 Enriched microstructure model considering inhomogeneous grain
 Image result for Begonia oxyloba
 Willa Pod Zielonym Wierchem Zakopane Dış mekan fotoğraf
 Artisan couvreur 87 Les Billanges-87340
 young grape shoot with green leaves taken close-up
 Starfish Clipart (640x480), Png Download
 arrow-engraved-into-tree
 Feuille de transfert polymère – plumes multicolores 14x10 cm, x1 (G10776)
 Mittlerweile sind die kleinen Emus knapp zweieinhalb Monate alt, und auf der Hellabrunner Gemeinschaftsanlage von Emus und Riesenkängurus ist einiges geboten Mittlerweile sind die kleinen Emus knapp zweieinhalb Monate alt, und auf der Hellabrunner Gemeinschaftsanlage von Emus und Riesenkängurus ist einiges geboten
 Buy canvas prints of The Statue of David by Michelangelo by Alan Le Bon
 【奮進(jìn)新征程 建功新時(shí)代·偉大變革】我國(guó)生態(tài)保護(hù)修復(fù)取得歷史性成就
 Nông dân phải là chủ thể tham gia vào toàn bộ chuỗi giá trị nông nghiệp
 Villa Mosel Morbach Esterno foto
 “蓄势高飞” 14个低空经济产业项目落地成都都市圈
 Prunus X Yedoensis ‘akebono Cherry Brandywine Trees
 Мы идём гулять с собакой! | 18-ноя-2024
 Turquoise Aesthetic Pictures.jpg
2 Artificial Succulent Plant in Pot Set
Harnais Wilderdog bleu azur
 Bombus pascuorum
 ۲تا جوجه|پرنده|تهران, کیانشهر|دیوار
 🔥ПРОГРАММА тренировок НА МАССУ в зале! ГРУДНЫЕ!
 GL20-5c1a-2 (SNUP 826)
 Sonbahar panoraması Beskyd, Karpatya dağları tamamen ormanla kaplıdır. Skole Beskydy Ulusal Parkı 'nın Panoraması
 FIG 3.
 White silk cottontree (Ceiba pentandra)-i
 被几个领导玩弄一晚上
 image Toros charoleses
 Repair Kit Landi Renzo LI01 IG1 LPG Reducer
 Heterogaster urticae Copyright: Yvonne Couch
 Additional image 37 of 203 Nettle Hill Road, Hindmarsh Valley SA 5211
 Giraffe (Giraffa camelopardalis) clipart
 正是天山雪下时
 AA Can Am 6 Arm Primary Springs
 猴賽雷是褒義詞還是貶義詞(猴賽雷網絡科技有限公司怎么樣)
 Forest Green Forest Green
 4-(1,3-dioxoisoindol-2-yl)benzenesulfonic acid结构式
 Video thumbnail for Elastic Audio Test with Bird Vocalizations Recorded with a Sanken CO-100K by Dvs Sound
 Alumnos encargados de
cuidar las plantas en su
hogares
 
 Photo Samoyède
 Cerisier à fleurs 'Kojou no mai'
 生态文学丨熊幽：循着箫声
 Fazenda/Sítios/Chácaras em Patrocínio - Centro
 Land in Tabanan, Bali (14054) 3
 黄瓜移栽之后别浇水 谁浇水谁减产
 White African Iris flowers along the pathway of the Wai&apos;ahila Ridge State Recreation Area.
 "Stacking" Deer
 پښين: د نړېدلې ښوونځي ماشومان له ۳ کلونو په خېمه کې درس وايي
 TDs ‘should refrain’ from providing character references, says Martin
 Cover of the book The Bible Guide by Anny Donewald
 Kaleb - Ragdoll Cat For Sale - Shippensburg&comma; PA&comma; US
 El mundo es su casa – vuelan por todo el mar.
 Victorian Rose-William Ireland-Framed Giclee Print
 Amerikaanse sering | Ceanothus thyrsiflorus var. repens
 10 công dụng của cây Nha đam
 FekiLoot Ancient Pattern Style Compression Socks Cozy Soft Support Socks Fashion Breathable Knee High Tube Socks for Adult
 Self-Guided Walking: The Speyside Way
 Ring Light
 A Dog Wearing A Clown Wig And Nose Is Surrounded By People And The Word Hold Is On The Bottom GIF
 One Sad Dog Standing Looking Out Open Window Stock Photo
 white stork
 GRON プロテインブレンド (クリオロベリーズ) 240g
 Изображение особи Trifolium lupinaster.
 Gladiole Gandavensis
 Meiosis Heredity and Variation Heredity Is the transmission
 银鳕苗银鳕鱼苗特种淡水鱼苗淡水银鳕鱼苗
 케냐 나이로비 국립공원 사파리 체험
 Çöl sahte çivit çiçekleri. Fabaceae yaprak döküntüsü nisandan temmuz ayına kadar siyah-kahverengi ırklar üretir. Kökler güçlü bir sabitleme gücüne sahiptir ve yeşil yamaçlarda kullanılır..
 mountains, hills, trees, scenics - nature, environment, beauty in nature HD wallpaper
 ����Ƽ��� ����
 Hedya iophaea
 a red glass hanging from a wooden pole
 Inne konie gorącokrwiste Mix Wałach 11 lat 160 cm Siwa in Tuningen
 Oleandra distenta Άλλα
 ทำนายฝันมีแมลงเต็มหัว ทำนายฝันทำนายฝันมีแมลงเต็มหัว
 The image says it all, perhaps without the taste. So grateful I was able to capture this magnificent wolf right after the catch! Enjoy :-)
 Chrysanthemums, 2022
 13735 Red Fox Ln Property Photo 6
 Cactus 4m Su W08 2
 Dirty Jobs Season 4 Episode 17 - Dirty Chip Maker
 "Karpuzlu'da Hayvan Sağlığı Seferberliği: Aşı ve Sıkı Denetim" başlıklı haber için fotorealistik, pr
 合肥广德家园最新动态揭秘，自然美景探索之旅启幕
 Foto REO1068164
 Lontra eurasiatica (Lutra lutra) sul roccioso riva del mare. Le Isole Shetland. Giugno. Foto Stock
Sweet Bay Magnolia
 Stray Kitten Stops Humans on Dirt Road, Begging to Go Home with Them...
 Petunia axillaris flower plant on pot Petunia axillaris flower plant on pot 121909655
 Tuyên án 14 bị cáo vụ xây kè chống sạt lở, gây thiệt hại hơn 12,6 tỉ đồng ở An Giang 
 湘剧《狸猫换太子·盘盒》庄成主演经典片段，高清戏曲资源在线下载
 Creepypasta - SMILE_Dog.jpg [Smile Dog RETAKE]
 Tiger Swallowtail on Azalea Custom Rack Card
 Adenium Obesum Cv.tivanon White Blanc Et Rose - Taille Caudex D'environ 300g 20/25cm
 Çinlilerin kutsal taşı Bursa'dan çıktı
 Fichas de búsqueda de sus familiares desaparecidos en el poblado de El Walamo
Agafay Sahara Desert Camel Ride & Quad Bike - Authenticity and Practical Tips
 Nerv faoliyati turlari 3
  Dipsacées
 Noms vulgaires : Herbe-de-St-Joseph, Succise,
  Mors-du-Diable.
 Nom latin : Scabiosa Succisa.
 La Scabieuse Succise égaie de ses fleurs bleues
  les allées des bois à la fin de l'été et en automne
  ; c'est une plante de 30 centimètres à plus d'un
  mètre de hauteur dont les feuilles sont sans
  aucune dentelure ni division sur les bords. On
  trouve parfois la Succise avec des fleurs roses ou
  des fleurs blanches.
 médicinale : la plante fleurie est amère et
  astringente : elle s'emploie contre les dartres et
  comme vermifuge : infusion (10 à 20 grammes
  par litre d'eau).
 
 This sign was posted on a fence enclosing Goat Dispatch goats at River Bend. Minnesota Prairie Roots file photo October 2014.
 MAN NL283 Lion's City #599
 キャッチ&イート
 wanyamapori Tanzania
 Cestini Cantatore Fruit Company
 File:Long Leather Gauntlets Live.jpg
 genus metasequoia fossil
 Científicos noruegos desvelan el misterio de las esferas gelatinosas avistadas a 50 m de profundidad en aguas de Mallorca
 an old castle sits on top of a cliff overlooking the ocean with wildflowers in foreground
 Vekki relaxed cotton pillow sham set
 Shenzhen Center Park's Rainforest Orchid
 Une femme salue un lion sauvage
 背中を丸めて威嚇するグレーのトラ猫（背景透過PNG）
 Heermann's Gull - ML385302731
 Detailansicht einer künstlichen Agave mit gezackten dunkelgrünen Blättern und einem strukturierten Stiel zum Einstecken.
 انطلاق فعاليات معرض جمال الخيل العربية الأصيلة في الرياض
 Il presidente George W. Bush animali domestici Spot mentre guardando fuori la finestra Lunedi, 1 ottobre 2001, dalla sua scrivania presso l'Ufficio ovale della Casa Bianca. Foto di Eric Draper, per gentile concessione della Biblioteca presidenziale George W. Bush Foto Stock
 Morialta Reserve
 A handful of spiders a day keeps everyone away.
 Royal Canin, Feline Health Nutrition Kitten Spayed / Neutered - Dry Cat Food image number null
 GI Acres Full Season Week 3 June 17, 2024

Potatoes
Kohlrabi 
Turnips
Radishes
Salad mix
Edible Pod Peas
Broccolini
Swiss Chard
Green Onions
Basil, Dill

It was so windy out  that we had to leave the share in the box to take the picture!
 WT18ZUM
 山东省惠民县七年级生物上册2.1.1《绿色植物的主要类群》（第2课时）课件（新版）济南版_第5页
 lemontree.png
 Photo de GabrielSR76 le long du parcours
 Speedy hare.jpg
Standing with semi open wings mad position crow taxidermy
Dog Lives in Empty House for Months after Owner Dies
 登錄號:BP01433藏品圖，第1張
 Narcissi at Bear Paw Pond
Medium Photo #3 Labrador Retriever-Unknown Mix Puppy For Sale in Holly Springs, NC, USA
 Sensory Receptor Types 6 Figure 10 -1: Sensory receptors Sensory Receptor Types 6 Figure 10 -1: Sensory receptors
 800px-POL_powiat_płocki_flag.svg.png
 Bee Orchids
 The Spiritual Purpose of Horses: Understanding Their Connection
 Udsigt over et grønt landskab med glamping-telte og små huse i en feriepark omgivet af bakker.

• • • • • • •

Your task: Please give back exactly the lines of this listing beginning at the line with "Nerv faoliyati turlari 3" and ending with the line with "انطلاق فعاليات معرض", both included, and nothing else.

Result of the task:
 Nerv faoliyati turlari 3
  Dipsacées
 Noms vulgaires : Herbe-de-St-Joseph, Succise,
  Mors-du-Diable.
 Nom latin : Scabiosa Succisa.
 La Scabieuse Succise égaie de ses fleurs bleues
  les allées des bois à la fin de l'été et en automne
  ; c'est une plante de 30 centimètres à plus d'un
  mètre de hauteur dont les feuilles sont sans
  aucune dentelure ni division sur les bords. On
  trouve parfois la Succise avec des fleurs roses ou
  des fleurs blanches.
 médicinale : la plante fleurie est amère et
  astringente : elle s'emploie contre les dartres et
  comme vermifuge : infusion (10 à 20 grammes
  par litre d'eau).
 
 This sign was posted on a fence enclosing Goat Dispatch goats at River Bend. Minnesota Prairie Roots file photo October 2014.
 MAN NL283 Lion's City #599
 キャッチ&イート
 wanyamapori Tanzania
 Cestini Cantatore Fruit Company
 File:Long Leather Gauntlets Live.jpg
 genus metasequoia fossil
 Científicos noruegos desvelan el misterio de las esferas gelatinosas avistadas a 50 m de profundidad en aguas de Mallorca
 an old castle sits on top of a cliff overlooking the ocean with wildflowers in foreground
 Vekki relaxed cotton pillow sham set
 Shenzhen Center Park's Rainforest Orchid
 Une femme salue un lion sauvage
 背中を丸めて威嚇するグレーのトラ猫（背景透過PNG）
 Heermann's Gull - ML385302731
 Detailansicht einer künstlichen Agave mit gezackten dunkelgrünen Blättern und einem strukturierten Stiel zum Einstecken.
 انطلاق فعاليات معرض جمال الخيل العربية الأصيلة في الرياض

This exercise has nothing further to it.